In the context of our App.Client
API project, we can use Aspire to automatically discover and register the App
trending API. This means that our client application doesn’t need to know the exact location or configuration of the App
API - Aspire will handle this for us.
Here is App/Program.cs
var builder = WebApplication.CreateBuilder(args);
builder.AddServiceDefaults();
var services = builder.Services;
services.AddEndpointsApiExplorer();
services.AddSwaggerGen();
var app = builder.Build();
app.MapDefaultEndpoints();
app.MapTrendingEndpoints();
app.Run();
And here is App.Client/Program.cs
var builder = WebApplication.CreateBuilder(args);
builder.AddServiceDefaults();
var services = builder.Services;
services.AddEndpointsApiExplorer();
services.AddSwaggerGen();
var app = builder.Build();
app.MapDefaultEndpoints();
app.MapGet("/my/trending", () =>
{
// TODO:
});
app.Run();
Generate HTTP Client for ASP.NET Core applications
ASP.NET Core has built-in support for OpenAPI, also known as Swagger. This support allows developers to generate API documentation directly from their code. The quality of the generated OpenAPI specification largely depends on the amount of metadata provided by the developer in the form of attributes and comments. The more detailed and accurate this metadata is, the more precise and useful the generated OpenAPI specification will be.

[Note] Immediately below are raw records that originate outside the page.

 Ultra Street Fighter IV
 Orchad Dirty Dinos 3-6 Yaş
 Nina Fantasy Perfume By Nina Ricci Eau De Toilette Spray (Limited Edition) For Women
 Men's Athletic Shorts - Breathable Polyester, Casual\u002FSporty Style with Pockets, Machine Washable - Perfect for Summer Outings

This, in turn, improves the quality of the client SDKs generated from the OpenAPI specification.
Generate OpenAPI specification automatically
We can generate OpenAPI specification at build time from the code in ASP.NET Core by using Microsoft.Extensions.ApiDescription.Server
dotnet add ./src/App package Microsoft.Extensions.ApiDescription.Server
And add configuration to App.csproj
:
<PropertyGroup>
<OpenApiDocumentsDirectory>$(MSBuildProjectDirectory)/../App.Sdk/OpenApi</OpenApiDocumentsDirectory>
<OpenApiGenerateDocuments>true</OpenApiGenerateDocuments>
<OpenApiGenerateDocumentsOnBuild>true</OpenApiGenerateDocumentsOnBuild>
</PropertyGroup>
Note, I decided to set up the output location outside of the project - src/App.Sdk/OpenApi
. We can combine the OpenAPI generation with Kiota App.Sdk
client generation:
Add the next Target to App.csproj
. Every time we change App
, the App.Sdk
is regenerated. This makes the process fully automatic. Personally, I like this developer experience because I can always see the changed files in the source code.

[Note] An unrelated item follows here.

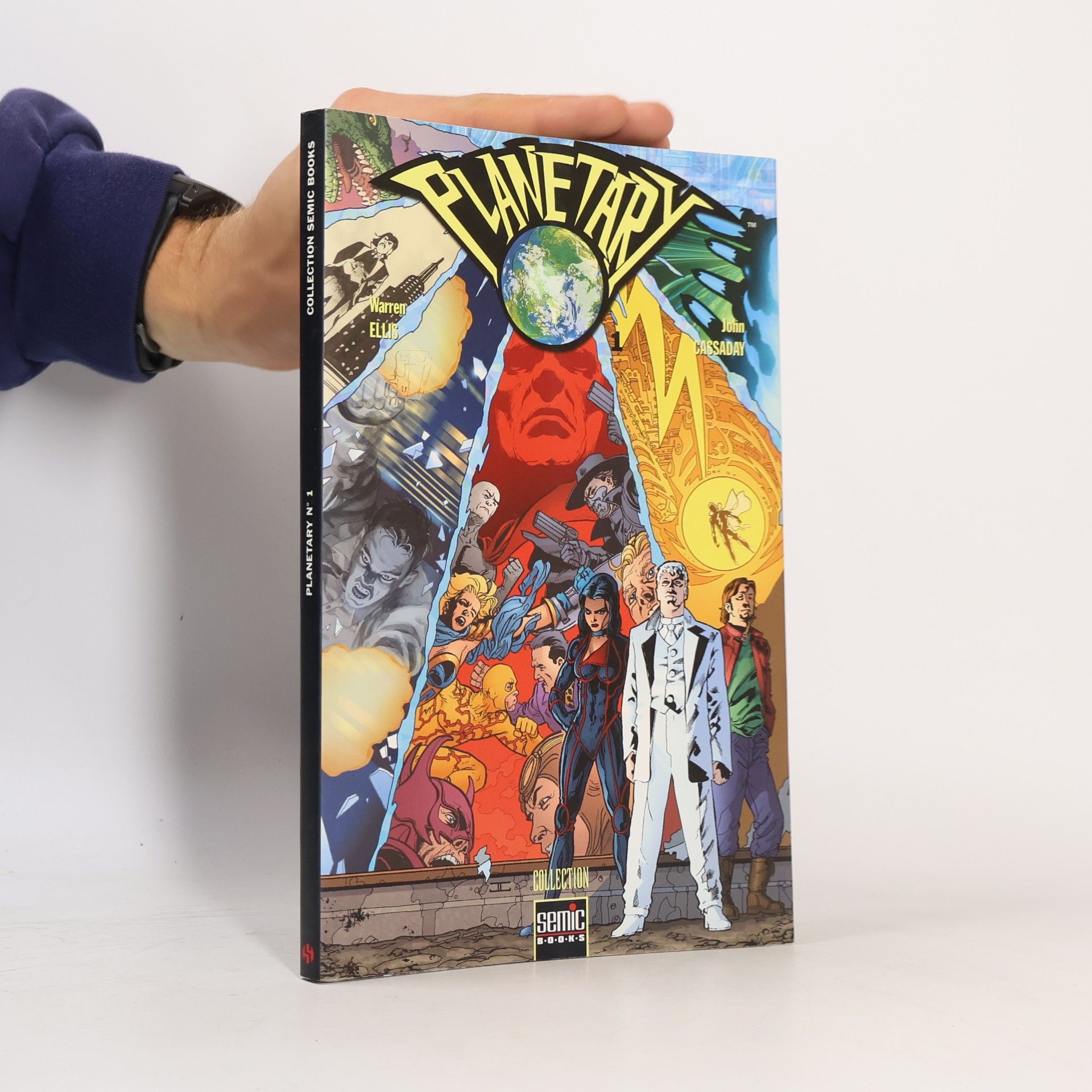Warren Ellis Planetary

<Target Name="OpenAPI" AfterTargets="Build" Condition="$(Configuration)=='Debug'">
<Exec Command="dotnet kiota generate -l CSharp --output ../App.Sdk --namespace-name App.Sdk --class-name AppApiClient --exclude-backward-compatible --openapi ../App.Sdk/OpenApi/App.json" WorkingDirectory="$(ProjectDir)" />
</Target>
Use OpenAPI Specification
The AppApiClient
class is a central part of the generated SDK. It provides methods for making HTTP requests to the API endpoints defined in our application. In the example below, we are using the AppApiClient
to make a GET request to the /trending/{country}
endpoint.
The AppApiClient
takes an IRequestAdapter
as a parameter in its constructor. This adapter is responsible for sending HTTP requests and receiving HTTP responses. In this example, we are using the HttpClientRequestAdapter
.
We also provide an IAuthenticationProvider
to the HttpClientRequestAdapter
. This provider is responsible for providing the necessary authentication credentials for the API requests. In this example, we are using the AnonymousAuthenticationProvider
, which does not provide any authentication credentials.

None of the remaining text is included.